As I walked back to my car on Tuesday night following class I was very excited to hear vocalizations coming from the construction area/playing fields.  Considering the time and the season, I was hopeful it was the American Woodcock.  When I had a chance, I verified on ebird that the American Woodcock had returned to the area. I haven’t heard woodcocks since I was an undergraduate crossing Skelley Field.   And that’s been years!   I listened to the vocalizations on Cornell’s All About Birds site.  Vocalizations aren’t my thing – I have permanent audio amnesia, so songs and calls are challenging.  Cornell’s vocalization file seemed promising and so I was filled with hope.

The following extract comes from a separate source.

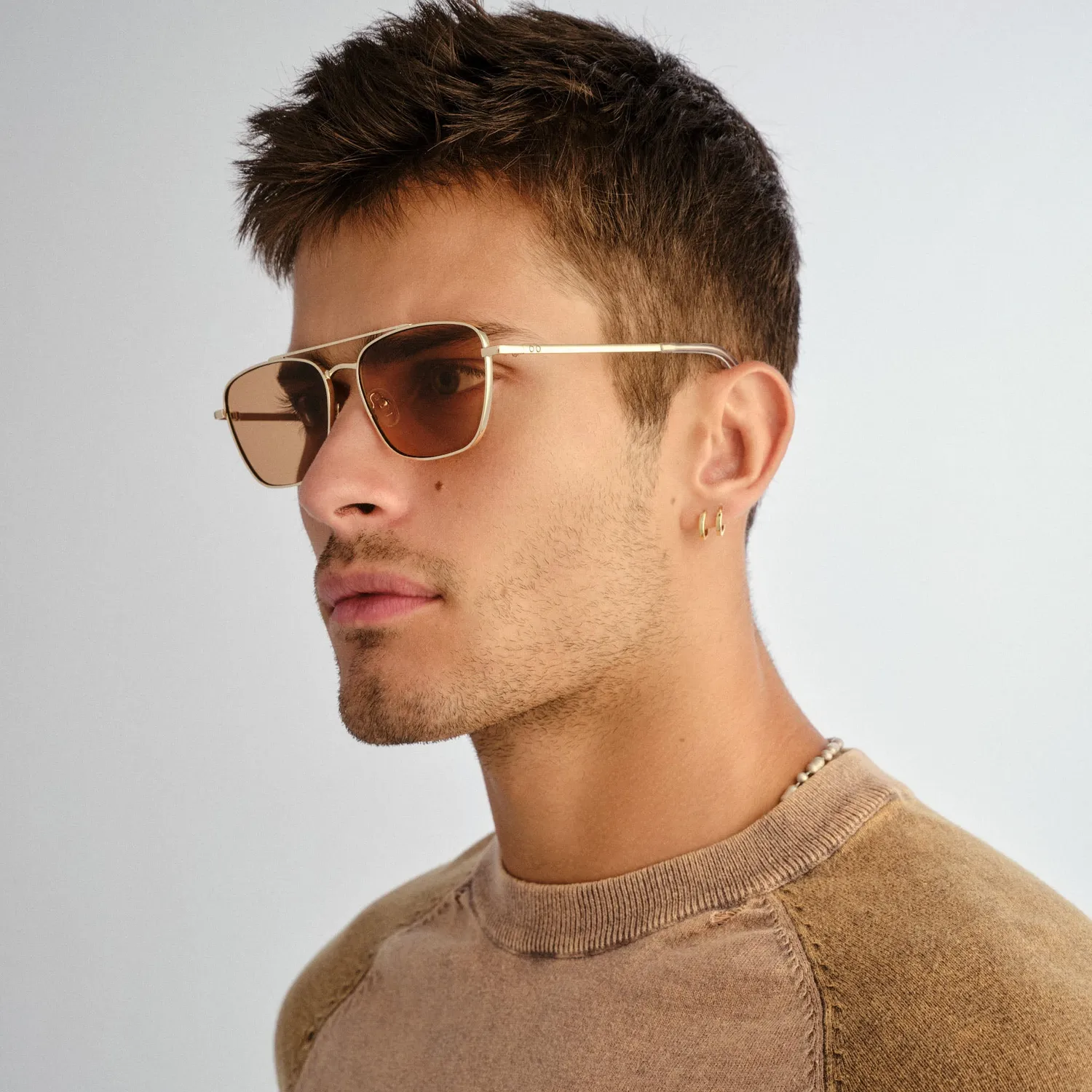 Le Specs Diametric II occhiale da sole oro marrone aviatore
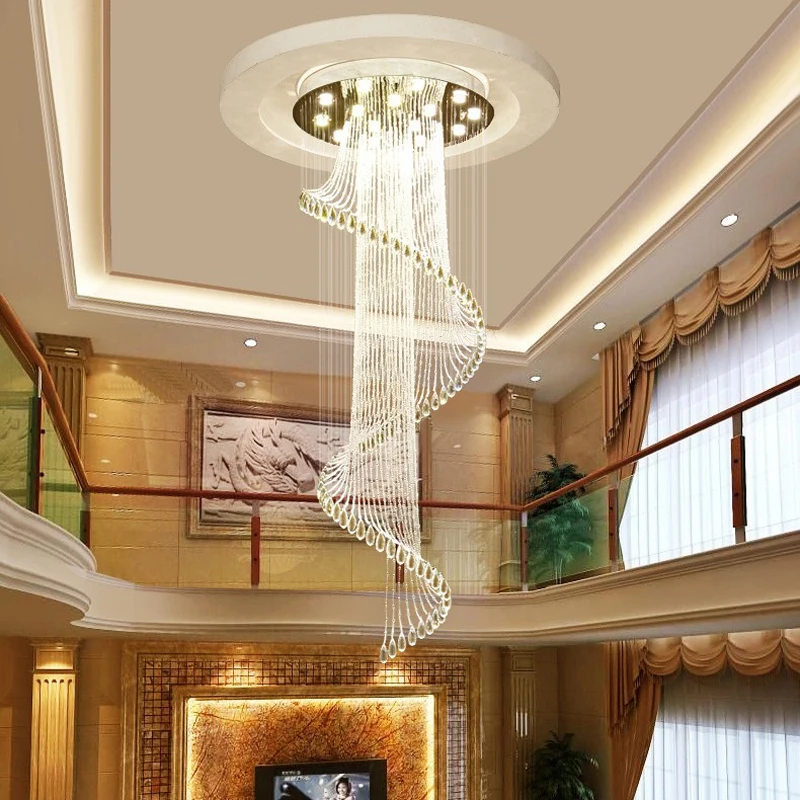 2025 Nordic modern skirt crystal chandelier villa duplex staircase  long chandelier hotel club hallpendant light candelabros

Alas, it was not to be.  Arriving on campus Wednesday morning, I learned the true identity of the noisy, new arrival.  Approaching the soccer fields I found a standoff between the disinterested soccer team beginning practice and the indignant Killdeer protecting the goal.

So February wrapped up with a last minute addition to the month list of Killdeer for a total of 5o species, and 34 checklists and a new lifebird, the Monk Parakeet.  Bird sighting I was most excited about:  American Robin.  Seems silly, but they portend spring for me, so it was super exciting to see.  Most vindicated sighting of the month: Brown Creeper.  I knew they had to be around the house, it was only a matter of finding it and I did.

Now, back to studying for Tuesday’s exam!

Spring break is approaching!  So hopefully I will get a chance to get out and bird more as the migrants begin arriving.